Из глубины подсознания всплыл вопрос, и Оливер услышал свое бессвязное бормотание:
– Сью… Сью… Она…
Он не мог выговорить остального.
Клеф снова подсунула ему чашку:
– Я полагаю, она может ничего не бояться – пока. Пожалуйста, Оливер, забудьте обо всем и пейте!
– Но ведь вы же знали! – Эта мысль дошла наконец до его оглушенного сознания. – Вы могли предупредить или…
– Разве в наших силах изменять прошлое? – спросила Клеф. – Мы знали, но смогли бы мы остановить метеорит?
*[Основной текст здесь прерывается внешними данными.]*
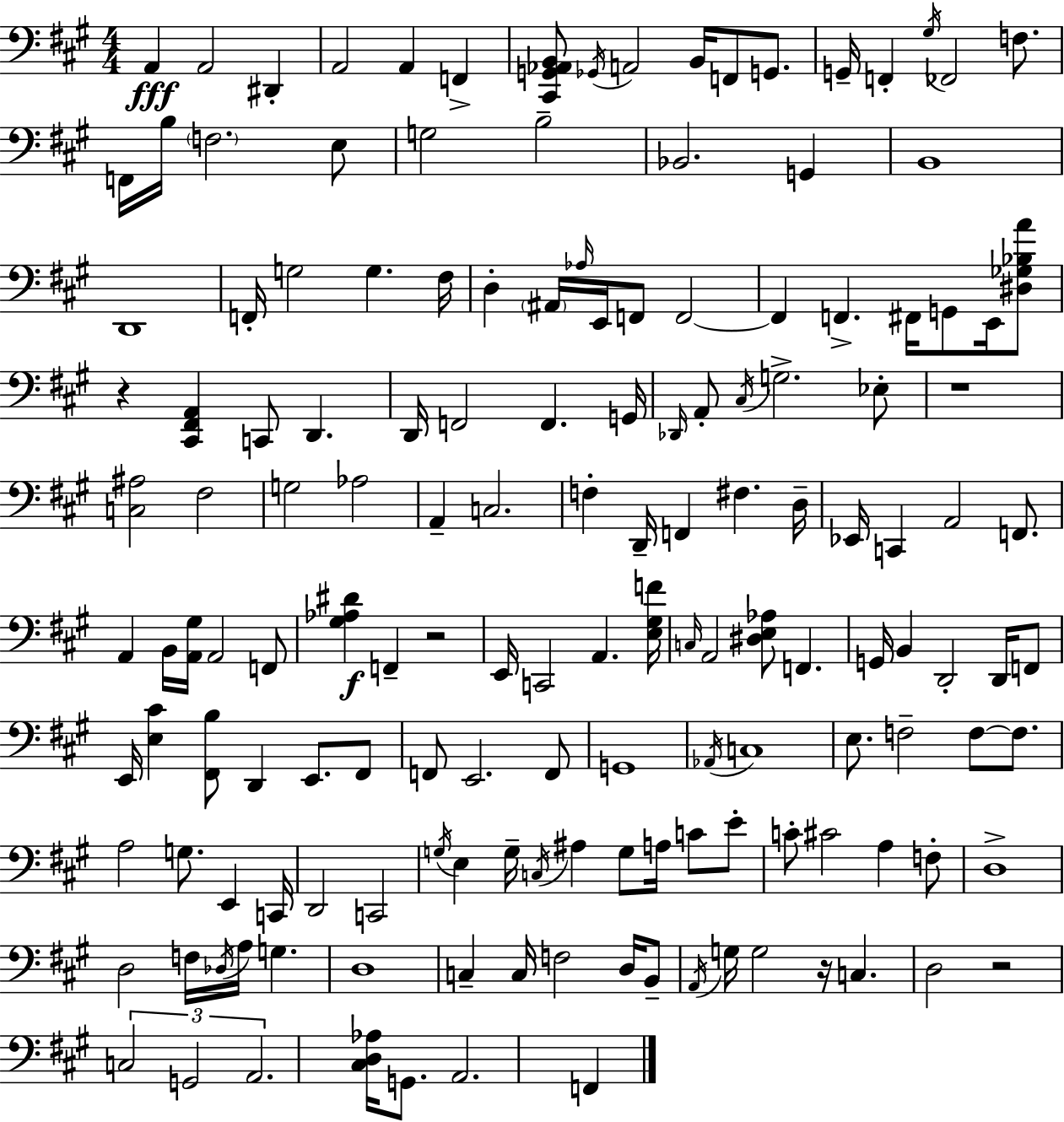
{
  \clef bass
  \numericTimeSignature
  \time 4/4
  \key a \major
  a,4\fff a,2 dis,4-. | a,2 a,4 f,4-> | <cis, g, aes, b,>8 \acciaccatura { ges,16 } a,2 b,16 f,8 g,8. | g,16-- f,4-. \acciaccatura { gis16 } fes,2 f8. | \break f,16 b16 \parenthesize f2. | e8 g2 b2-- | bes,2. g,4 | b,1 | \break d,1 | f,16-. g2 g4. | fis16 d4-. \parenthesize ais,16 \grace { aes16 } e,16 f,8 f,2~~ | f,4 f,4.-> fis,16 g,8 | \break e,16 <dis ges bes a'>8 r4 <cis, fis, a,>4 c,8 d,4. | d,16 f,2 f,4. | g,16 \grace { des,16 } a,8-. \acciaccatura { cis16 } g2.-> | ees8-. r1 | \break <c ais>2 fis2 | g2 aes2 | a,4-- c2. | f4-. d,16-- f,4 fis4. | \break d16-- ees,16 c,4 a,2 | f,8. a,4 b,16 <a, gis>16 a,2 | f,8 <gis aes dis'>4\f f,4-- r2 | e,16 c,2 a,4. | \break <e gis f'>16 \grace { c16 } a,2 <dis e aes>8 | f,4. g,16 b,4 d,2-. | d,16 f,8 e,16 <e cis'>4 <fis, b>8 d,4 | e,8. fis,8 f,8 e,2. | \break f,8 g,1 | \acciaccatura { aes,16 } c1 | e8. f2-- | f8~~ f8. a2 g8. | \break e,4 c,16 d,2 c,2 | \acciaccatura { g16 } e4 g16-- \acciaccatura { c16 } ais4 | g8 a16 c'8 e'8-. c'8-. cis'2 | a4 f8-. d1-> | \break d2 | f16 \acciaccatura { des16 } a16 g4. d1 | c4-- c16 f2 | d16 b,8-- \acciaccatura { a,16 } g16 g2 | \break r16 c4. d2 | r2 \tuplet 3/2 { c2 | g,2 a,2. } | <cis d aes>16 g,8. a,2. | \break f,4 \bar "|."
}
Или предупредить жителей? Отправляясь в путешествие, мы даем клятву никогда и ни во что не вмешиваться…
Голоса в комнате незаметно стали громче и теперь перекрывали шум, нараставший снаружи. Треск пламени, вопли и грохот разрушения сливались над городом в сплошной рев. Комнату заливало зловещим светом, по стенам и на потолке плясали красные отблески и багровые тени.
Внизу хлопнула дверь и кто-то засмеялся визгливым, хриплым, злым смехом. У кого-то в комнате перехватило дыхание, потом раздались крики испуга, целый хор криков. Оливер попытался сосредоточиться на окнах и на жуткой картине, которая расстилалась за ними, и обнаружил, что это ему не удается.
Некоторое время он еще напряженно щурился и только потом понял, что зрение изменило не ему одному. Тихонько всхлипывая, Клеф прижалась к нему. Оливер машинально обнял ее и почувствовал облегчение оттого, что рядом было теплое, живое человеческое тело. Оно было настоящим, к нему хотя бы можно было прикоснуться – все остальное больше походило на дурной сон. Ее аромат, смешанный с одуряющим запахом чая, ударил ему в голову, и на короткое мгновение, пока он сжимал ее в объятиях (он понимал, что в последний раз), он совершенно забыл о том, что даже внешний вид комнаты как-то уродливо изменился.
Он ослеп, но не совсем. Слепота набегала чередой, быстрыми, расходящимися волнами мрака: в промежутках глаза успевали выхватить отдельные лица в неверном, мерцающем свете, идущем из окон, – недоверчивые, напряженные.
Волны набегали все чаще. Теперь зрение возвращалось только на миг, и этот миг становился все короче, а промежутки мрака – длиннее.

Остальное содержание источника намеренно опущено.